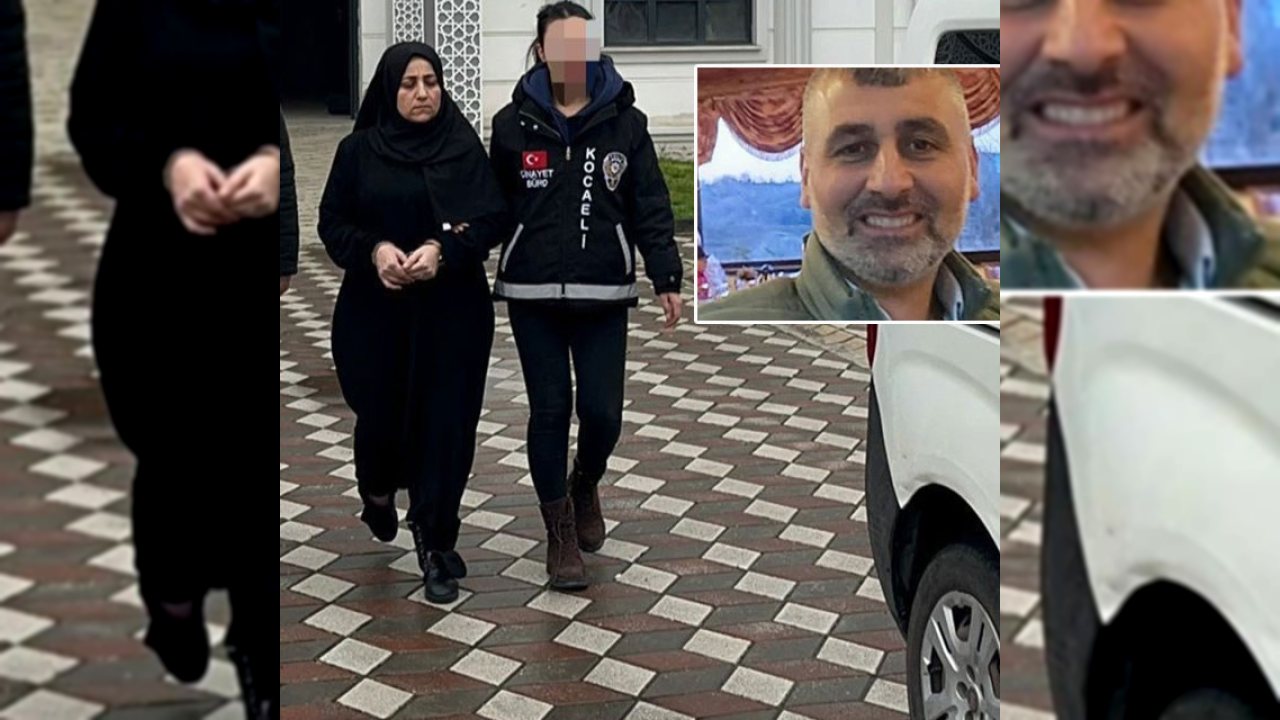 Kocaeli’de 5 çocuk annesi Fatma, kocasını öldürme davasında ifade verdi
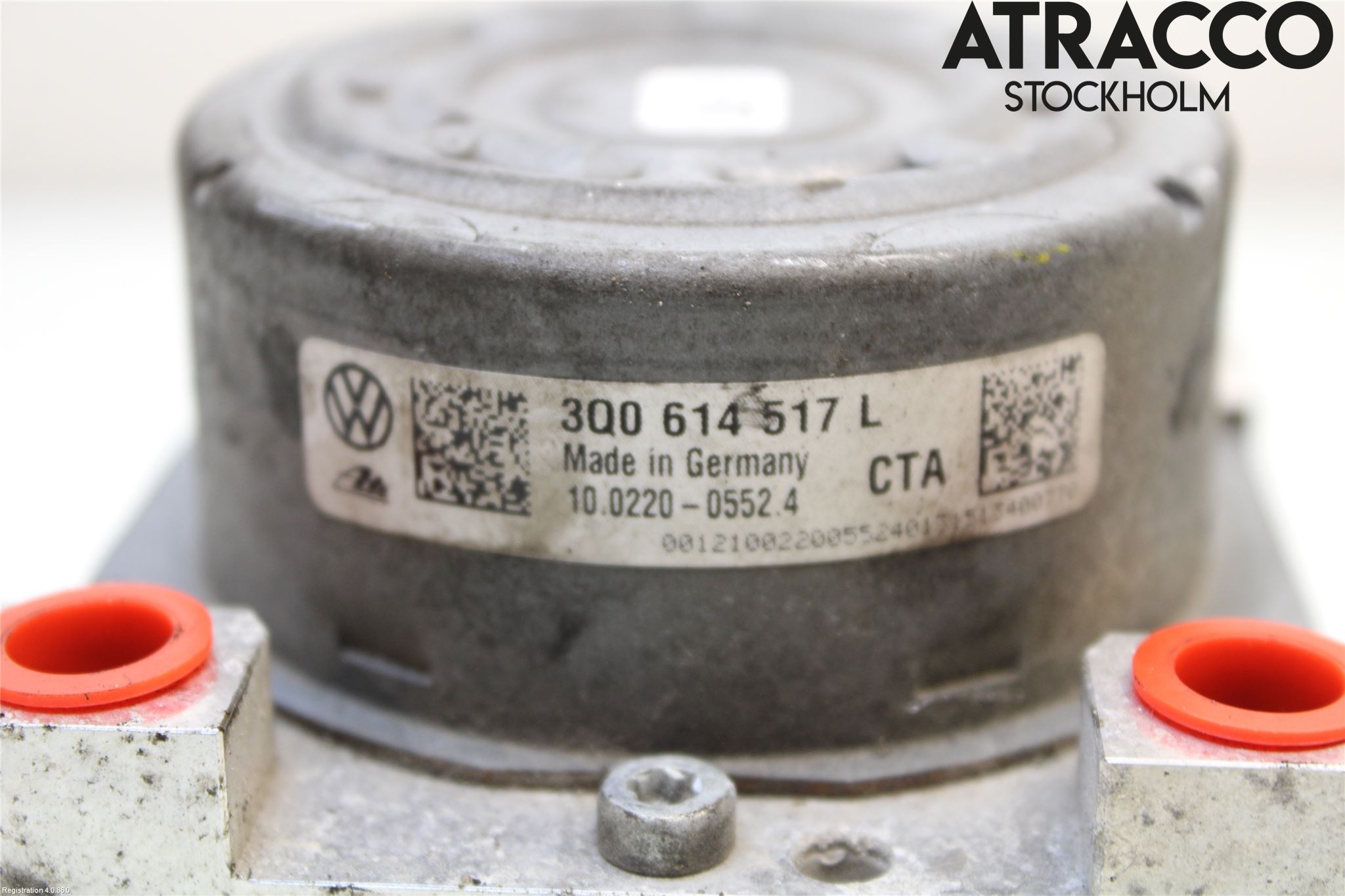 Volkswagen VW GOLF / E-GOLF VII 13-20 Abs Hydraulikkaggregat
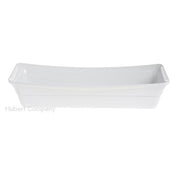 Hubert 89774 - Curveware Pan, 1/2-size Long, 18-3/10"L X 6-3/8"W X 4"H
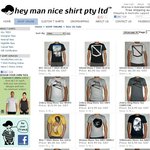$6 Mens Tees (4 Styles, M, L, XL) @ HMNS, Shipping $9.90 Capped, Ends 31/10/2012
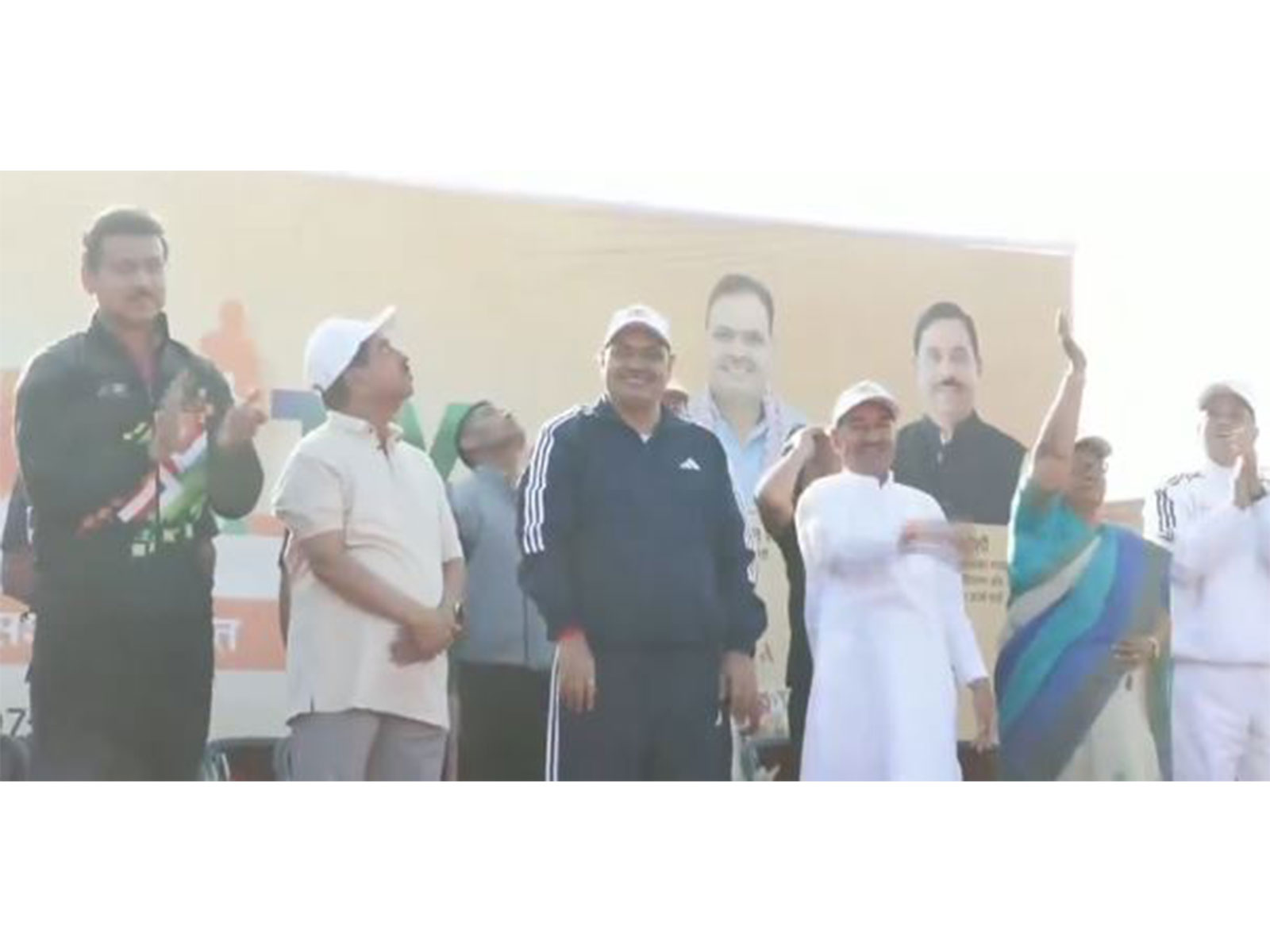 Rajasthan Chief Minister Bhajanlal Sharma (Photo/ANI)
□ □ □ □
WHAT THE TASK ASKS
The entries above must be restated exactly in the answer, and the pictures left out.

SOLUTION TO THIS EXERCISE
 Kocaeli’de 5 çocuk annesi Fatma, kocasını öldürme davasında ifade verdi
 Volkswagen VW GOLF / E-GOLF VII 13-20 Abs Hydraulikkaggregat
 Hubert 89774 - Curveware Pan, 1/2-size Long, 18-3/10"L X 6-3/8"W X 4"H
$6 Mens Tees (4 Styles, M, L, XL) @ HMNS, Shipping $9.90 Capped, Ends 31/10/2012
 Rajasthan Chief Minister Bhajanlal Sharma (Photo/ANI)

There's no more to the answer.